THE PROBLEM: Take the lines from the one containing "Inner join gives" through the final line below and restate them exactly. Omit the pictures.
*-*-*
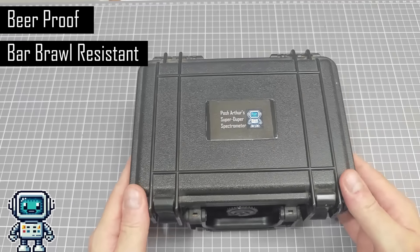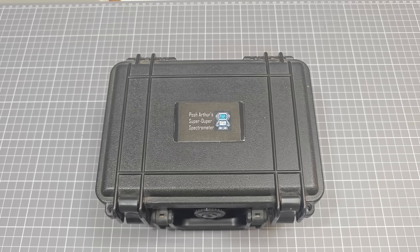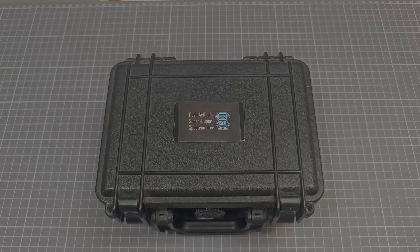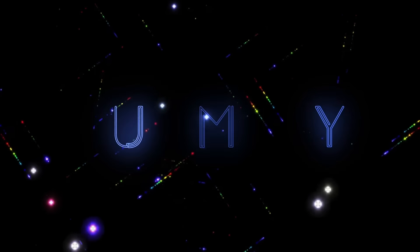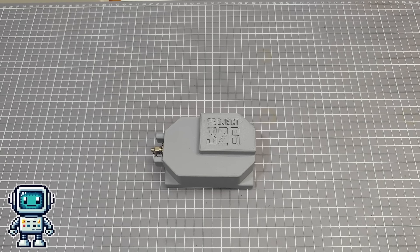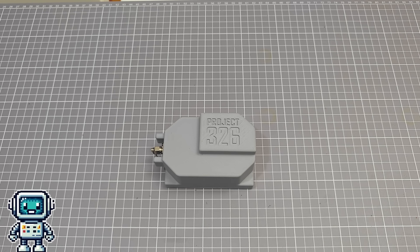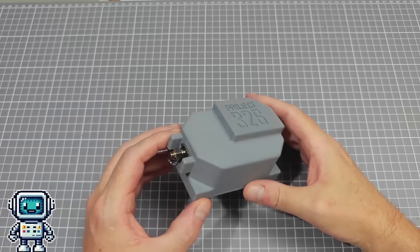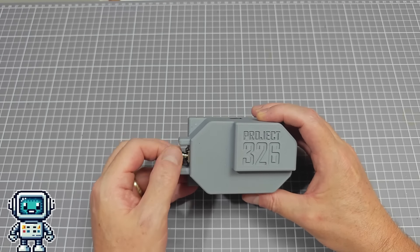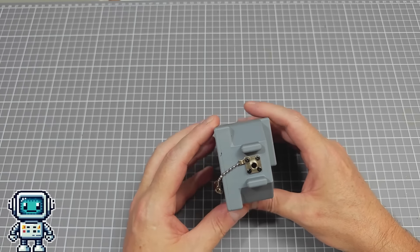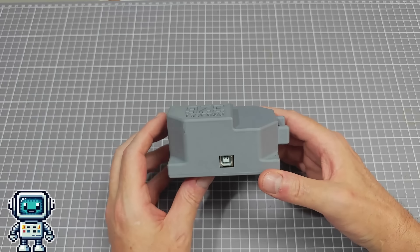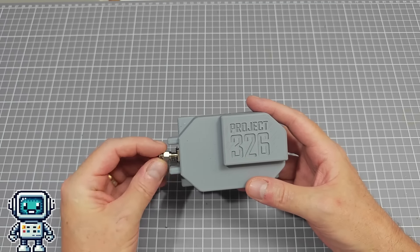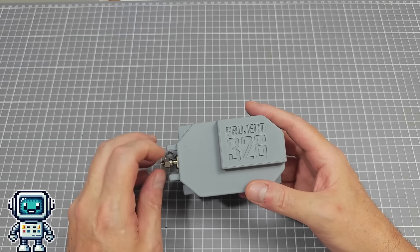So now we have a super cheap spectrometer but which has an optical fiber input port. However, that doesn't mean that it can no longer be used for direct measurements. It functions perfectly well without any optical fiber attached. The SMA connector does restrict the field of view, essentially collimating the incoming light, but that's probably a good thing.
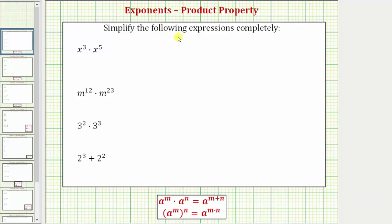We're asked to simplify the following expressions completely. The first expression is x to the third times x to the fifth. Before we determine this product using the product property of exponents, let's find this product by expanding x to the third and x to the fifth.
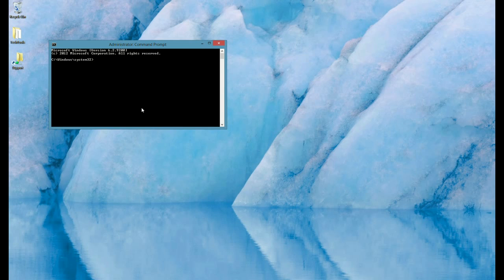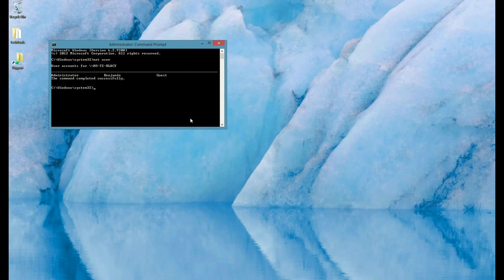The command we need to enter is net user. This will show us all the users in Windows 8, administrators and guests. So the administrator password is the one that we need to reset.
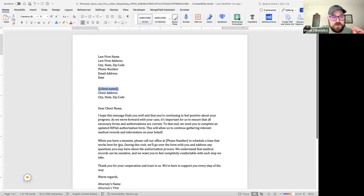I'll edit the template name to something like 'New HIPAA - client.name' and then generate it again. Testing this — let's make sure it actually goes through and works. Anytime you make a change in the back end, you want to force-refresh any other page you have open so that it tracks those updates and changes.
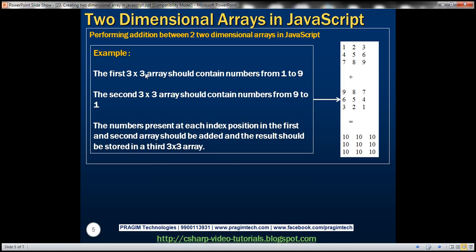Now let's see how to perform an addition between two two-dimensional arrays in JavaScript. We want a 3 by 3 array storing numbers from 1 to 9, and another two-dimensional array storing numbers from 9 to 1. We want to add these two arrays, and the result should be stored in another two-dimensional array. When we add 9 to 1 the result is 10, 8 to 2 is 10, 5 to 5 is 10. So in all the storage locations within the result, we should get number 10.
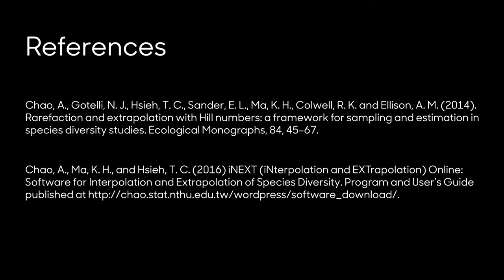Now that you've seen these figures, you'll probably recognize them here and there in scientific journals and you'll know they're produced in iNext, whether it's online or with the iNext R package.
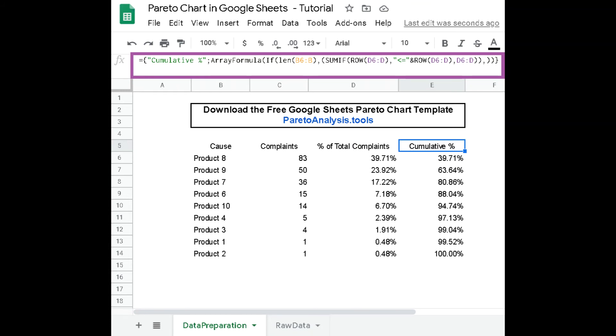What does this formula do? Like the first formula, it generates the right numbers and adjusts automatically to the size of your raw data. More precisely, it calculates each cause's cumulative effect. This is the sum of the cause's relative effect with the relative effects of all causes having a greater effect.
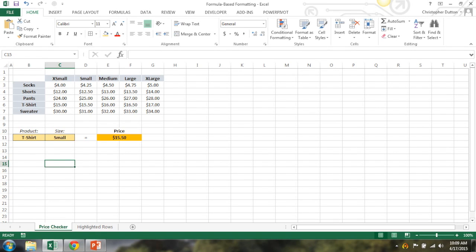Hey everyone, welcome to session 9 of the Excel Maven Expert Series. Today we're going to be talking about formula-based formatting, which is a very cool, very powerful formatting tool in Excel.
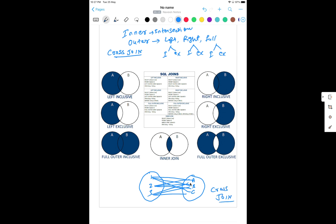Inner join gives you only the intersection part. For example, if table A has 1, 2, 5, 6 and the intersection part has 3 and 4, when you run inner join you get only 3 and 4. How to write a query and everything I'll tell you in the next chapter.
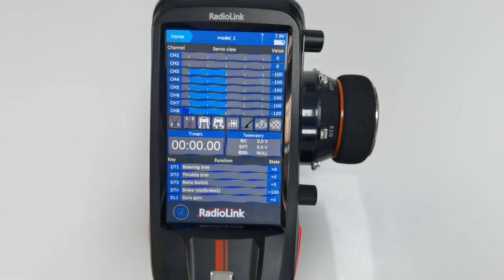Hello everyone, today I am going to introduce the Assorted Delay and Channel Data Functions on RCAX. To better show the function, I will reset RCAX first.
*-*-*
OUTPUT BELOW:
Inner join gives you only the intersection part. For example, if table A has 1, 2, 5, 6 and the intersection part has 3 and 4, when you run inner join you get only 3 and 4. How to write a query and everything I'll tell you in the next chapter.
Hello everyone, today I am going to introduce the Assorted Delay and Channel Data Functions on RCAX. To better show the function, I will reset RCAX first.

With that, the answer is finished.